I'm entrenched in the editing process for my forthcoming release DEATH SCENE. Currently working on the fourth set of edits. Or is it the fifth? To be honest, I'm starting to lose count.
With this, my second published novel, at least I know what to expect. When SUFFER THE CHILDREN was going through the editing process, everything was new and exciting. Even when I got to the point that I'd read my own manuscript so often I though my eyeballs would start to bleed.
When the final finished version of SUFFER THE CHILDREN dropped into my inbox, a zipped folder containing all six formats, I was so excited to see my first published e-book I tried to open all six formats at once. Of course this was more than my old laptop could cope with, and it promptly crashed.

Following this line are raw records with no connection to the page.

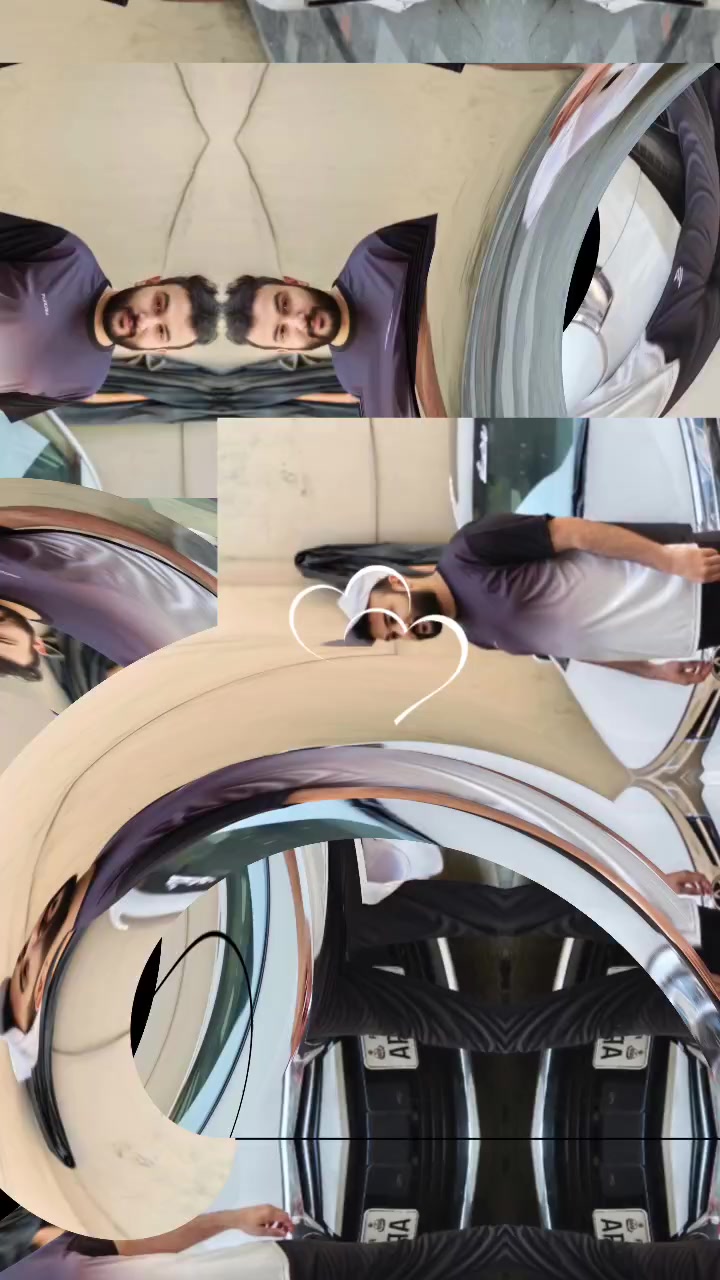 @بلال خان  PMLN)🇦🇪)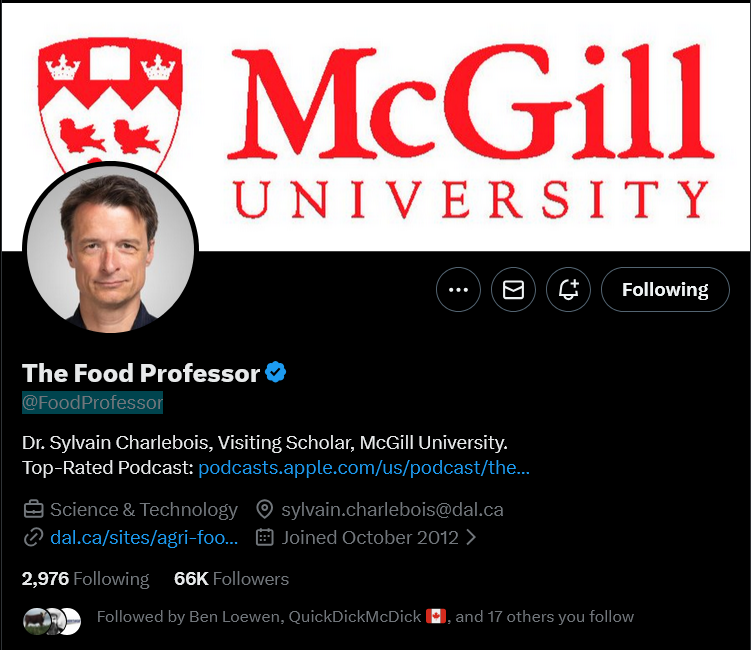 Brokenhead Ag Society tweet media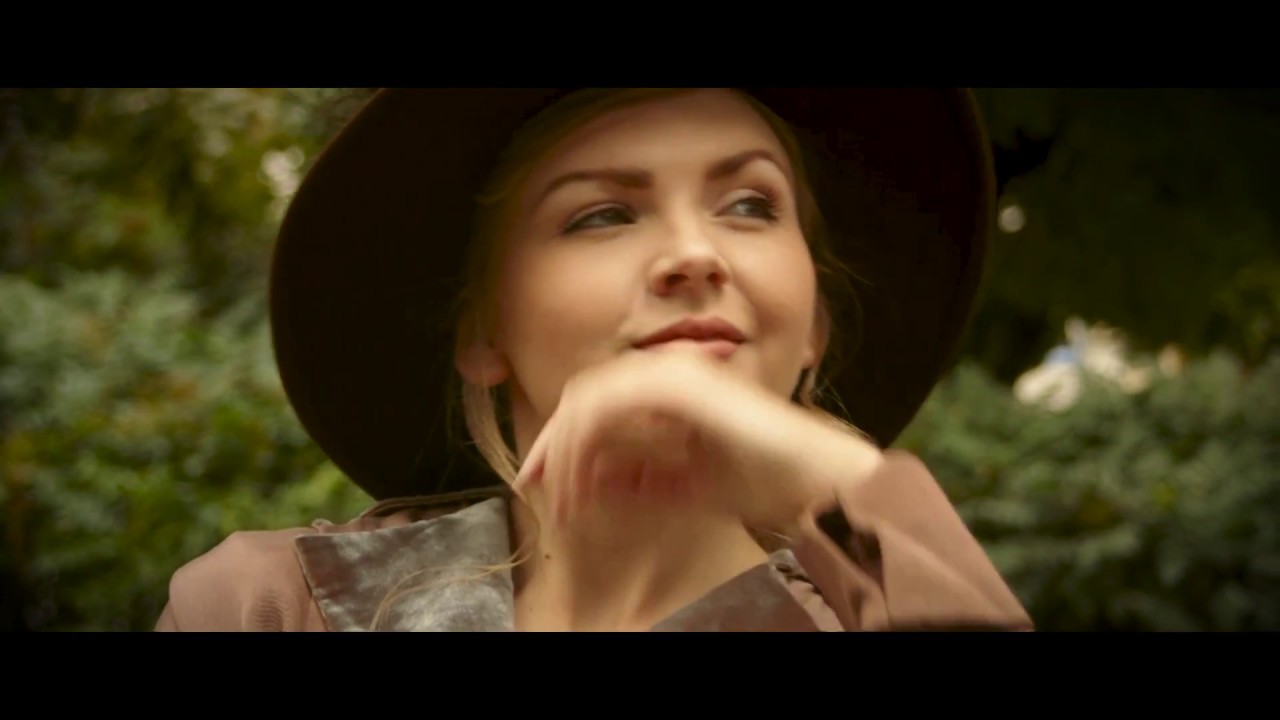 'TRAVESTIES' MAIN TRAILER (by Tom Stoppard)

But apart from skimming through the first few pages to read the dedication, and the acknowledgements, and the blurb, and basking in the glory of being a published novelist, I never actually read that final version. I had read it so many times during the editing process I just couldn't bring myself to read it once more.
SUFFER THE CHILDREN is now loaded on to my e-reader, but still I haven't read that final version. Part of the reason is because of the aforementioned 'reading fatigue'. But another part is because even up to the galley stage I was still finding mistakes. In spite of the endless editing process I am sure mistakes still made it through to the final version, and I'm not sure I could bear to find them, now, when I can't do anything to correct them.
I understand the need for many rounds of edits. Each one makes the novel better, and picks up errors that have been missed in previous rounds. But the process can be exhausting - I have read this manuscript so many times now the characters are appearing in my dreams at night.
I wonder how long it will be before I can revisit SUFFER THE CHILDREN and actually read it, without the editing reflex action kicking in? Perhaps it might be a good thing to do when I'm finally done with edits for DEATH SCENE and want to take a break from it.